「『Vivere est militare』(生きることは戦うこと)。私はこの言葉を聖ヨセフ学園の図書館に貼ってあった壁新聞の中に見つけた。高校2年生の書いたものだ。若干16~17歳のこの生徒たちに、このあまりにも生々しい言葉を吐かせてしまう状況とは一体何なのか。これが私のわずかな東ティモール体験の中で私を打ちのめした最も忘れがたい事であった。この疑問の背景をここで皆さんと一緒に考えることで、『東ティモール』という私たちにとって馴染みの薄い言葉に少しでも関心を持つ手助けができればよいと思う。

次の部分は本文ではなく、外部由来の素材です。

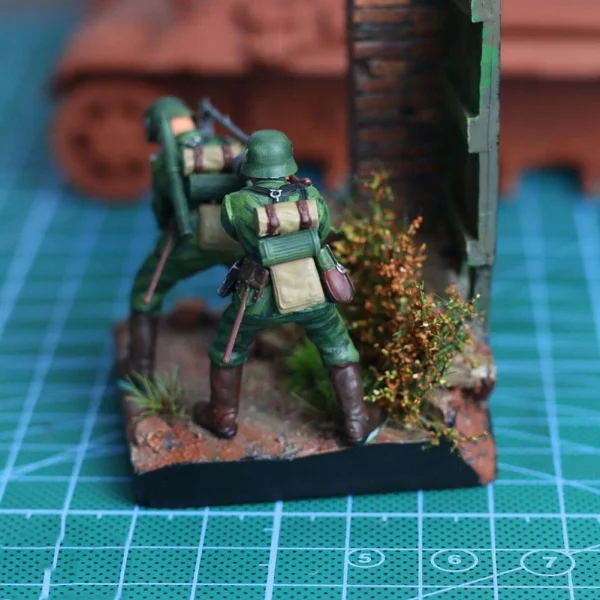 2 Soldiers with Tall Shrub Model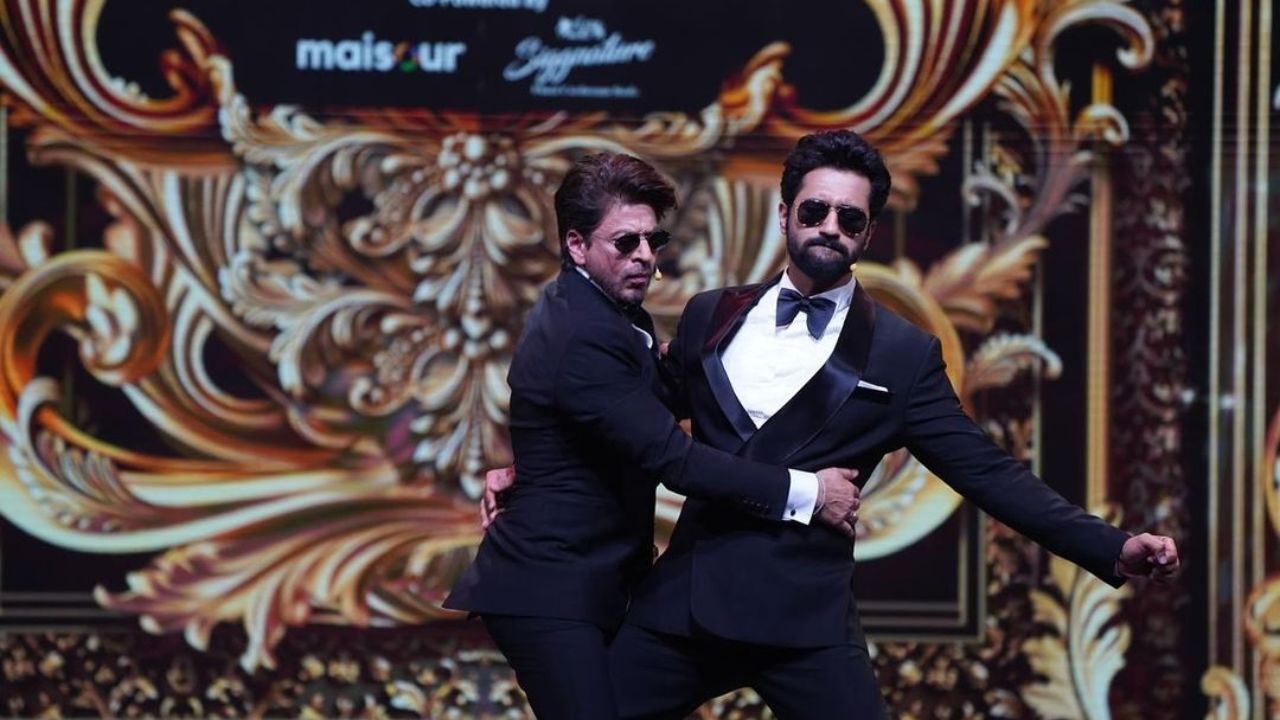 बॉलीवूडचा किंग खान शाहरुख लुक पाहून चाहत्यांनी त्याच्यावर कौतुकाचा वर्षाव केला आहे, तो विकी कौशलसोबत होस्टिंग करताना दिसणार आहे. फोटो सौजन्य - IIFA सोशल मीडिया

そして何よりも『ひとりぼっちではないんだ』と彼らに思ってもらうことができれば、それが最大の貢献と言えるのではないだろうか。
東ティモールに於ける人権侵害と抑圧は『人間は手段ではなく目的である』というカントの原理の否定である。生徒たちの『Vivere est militare』とは、その抑圧に対する当然の答えであり、私たちが忘れてしまった魂の深い叫びである。在校生の皆さんも、卒業後にでも是非この地を訪れて、姉妹校の同胞たちとの交流を通じてこの想いを共感してもらいたい。